Copy out, unchanged, every line from the start of the records to the line that contains "酸甜青芒果的做法图解1", and stop there.

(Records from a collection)
★ ★ ★ ★ ★ ★ ★

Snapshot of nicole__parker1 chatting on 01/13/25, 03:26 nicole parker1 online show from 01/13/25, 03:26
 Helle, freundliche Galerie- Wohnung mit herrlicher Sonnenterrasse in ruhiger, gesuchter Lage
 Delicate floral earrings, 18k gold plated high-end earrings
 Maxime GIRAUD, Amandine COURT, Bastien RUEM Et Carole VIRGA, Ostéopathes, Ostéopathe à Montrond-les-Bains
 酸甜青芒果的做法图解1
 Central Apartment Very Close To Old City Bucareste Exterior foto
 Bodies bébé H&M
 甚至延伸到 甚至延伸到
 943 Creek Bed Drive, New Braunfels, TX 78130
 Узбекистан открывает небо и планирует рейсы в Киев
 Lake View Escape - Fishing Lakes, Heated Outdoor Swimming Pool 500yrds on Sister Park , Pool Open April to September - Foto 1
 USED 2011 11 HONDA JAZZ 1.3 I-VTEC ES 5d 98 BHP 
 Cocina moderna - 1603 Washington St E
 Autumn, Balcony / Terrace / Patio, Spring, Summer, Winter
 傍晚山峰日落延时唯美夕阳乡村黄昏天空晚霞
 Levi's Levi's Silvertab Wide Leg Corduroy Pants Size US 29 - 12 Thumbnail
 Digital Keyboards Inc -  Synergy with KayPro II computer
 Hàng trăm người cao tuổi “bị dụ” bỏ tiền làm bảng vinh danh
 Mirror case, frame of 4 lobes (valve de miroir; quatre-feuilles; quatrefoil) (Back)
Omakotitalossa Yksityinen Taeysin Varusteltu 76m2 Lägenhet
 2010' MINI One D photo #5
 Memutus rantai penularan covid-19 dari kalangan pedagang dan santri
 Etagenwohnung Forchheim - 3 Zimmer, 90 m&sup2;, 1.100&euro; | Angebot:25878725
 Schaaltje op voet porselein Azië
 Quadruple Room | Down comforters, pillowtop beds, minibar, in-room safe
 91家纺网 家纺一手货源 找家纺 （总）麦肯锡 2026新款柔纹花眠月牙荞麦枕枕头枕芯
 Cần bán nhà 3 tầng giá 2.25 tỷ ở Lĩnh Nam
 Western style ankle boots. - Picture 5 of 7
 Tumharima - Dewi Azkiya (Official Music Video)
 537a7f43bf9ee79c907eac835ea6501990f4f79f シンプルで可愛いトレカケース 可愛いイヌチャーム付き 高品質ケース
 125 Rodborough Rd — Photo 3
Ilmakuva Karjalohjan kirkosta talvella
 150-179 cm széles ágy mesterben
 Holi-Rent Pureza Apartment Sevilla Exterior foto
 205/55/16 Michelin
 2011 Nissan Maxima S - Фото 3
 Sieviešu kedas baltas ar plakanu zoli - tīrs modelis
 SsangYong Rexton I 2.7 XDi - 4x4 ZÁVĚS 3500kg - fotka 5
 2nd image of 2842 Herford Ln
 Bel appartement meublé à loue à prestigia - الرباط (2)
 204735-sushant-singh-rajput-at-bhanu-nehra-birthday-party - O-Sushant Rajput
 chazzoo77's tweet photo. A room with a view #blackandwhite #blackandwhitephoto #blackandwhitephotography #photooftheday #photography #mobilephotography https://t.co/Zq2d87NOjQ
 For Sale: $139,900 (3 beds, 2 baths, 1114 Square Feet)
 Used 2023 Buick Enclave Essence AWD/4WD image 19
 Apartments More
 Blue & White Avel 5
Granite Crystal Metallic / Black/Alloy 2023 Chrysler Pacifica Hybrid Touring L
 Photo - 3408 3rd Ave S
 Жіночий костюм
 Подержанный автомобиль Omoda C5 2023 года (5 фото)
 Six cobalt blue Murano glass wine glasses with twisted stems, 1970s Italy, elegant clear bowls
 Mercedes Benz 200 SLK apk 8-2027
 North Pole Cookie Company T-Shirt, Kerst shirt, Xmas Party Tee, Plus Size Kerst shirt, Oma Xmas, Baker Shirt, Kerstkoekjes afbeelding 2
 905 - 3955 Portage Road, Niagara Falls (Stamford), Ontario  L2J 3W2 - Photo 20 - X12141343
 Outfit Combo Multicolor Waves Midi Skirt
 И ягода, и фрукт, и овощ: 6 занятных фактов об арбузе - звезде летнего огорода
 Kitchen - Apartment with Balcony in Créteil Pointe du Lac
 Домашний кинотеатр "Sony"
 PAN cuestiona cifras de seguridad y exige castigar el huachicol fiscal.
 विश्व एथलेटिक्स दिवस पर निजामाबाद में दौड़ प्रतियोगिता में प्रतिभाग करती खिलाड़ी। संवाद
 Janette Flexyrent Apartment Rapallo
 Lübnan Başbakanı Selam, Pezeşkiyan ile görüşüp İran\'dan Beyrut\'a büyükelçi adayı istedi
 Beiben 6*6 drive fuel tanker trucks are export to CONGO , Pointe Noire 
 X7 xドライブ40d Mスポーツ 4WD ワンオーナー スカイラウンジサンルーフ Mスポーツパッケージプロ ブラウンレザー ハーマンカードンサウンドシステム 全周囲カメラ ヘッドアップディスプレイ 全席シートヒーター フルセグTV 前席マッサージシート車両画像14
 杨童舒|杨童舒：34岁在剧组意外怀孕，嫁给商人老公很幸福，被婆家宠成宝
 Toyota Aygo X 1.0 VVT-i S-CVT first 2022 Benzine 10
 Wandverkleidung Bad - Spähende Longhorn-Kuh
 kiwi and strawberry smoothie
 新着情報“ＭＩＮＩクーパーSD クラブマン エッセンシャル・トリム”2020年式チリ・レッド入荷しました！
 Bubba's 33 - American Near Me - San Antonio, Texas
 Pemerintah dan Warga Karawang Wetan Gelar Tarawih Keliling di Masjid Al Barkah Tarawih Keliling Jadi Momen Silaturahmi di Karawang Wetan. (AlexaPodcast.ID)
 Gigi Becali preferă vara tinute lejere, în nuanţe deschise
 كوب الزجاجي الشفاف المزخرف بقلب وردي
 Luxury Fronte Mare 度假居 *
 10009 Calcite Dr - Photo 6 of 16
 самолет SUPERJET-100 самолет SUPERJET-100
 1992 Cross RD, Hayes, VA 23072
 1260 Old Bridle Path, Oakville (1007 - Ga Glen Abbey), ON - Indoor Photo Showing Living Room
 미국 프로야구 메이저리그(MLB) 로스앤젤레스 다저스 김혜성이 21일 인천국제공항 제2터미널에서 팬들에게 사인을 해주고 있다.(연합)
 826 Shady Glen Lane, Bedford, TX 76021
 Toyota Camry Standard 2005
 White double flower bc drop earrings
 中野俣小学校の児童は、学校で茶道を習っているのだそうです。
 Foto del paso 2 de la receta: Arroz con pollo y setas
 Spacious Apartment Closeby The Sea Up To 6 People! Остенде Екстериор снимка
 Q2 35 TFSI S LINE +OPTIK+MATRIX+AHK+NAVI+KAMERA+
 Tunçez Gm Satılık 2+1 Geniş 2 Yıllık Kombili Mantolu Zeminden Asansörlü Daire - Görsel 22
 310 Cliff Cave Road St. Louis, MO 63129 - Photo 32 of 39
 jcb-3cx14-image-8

★ ★ ★ ★ ★ ★ ★

> **Response area**
Snapshot of nicole__parker1 chatting on 01/13/25, 03:26 nicole parker1 online show from 01/13/25, 03:26
 Helle, freundliche Galerie- Wohnung mit herrlicher Sonnenterrasse in ruhiger, gesuchter Lage
 Delicate floral earrings, 18k gold plated high-end earrings
 Maxime GIRAUD, Amandine COURT, Bastien RUEM Et Carole VIRGA, Ostéopathes, Ostéopathe à Montrond-les-Bains
 酸甜青芒果的做法图解1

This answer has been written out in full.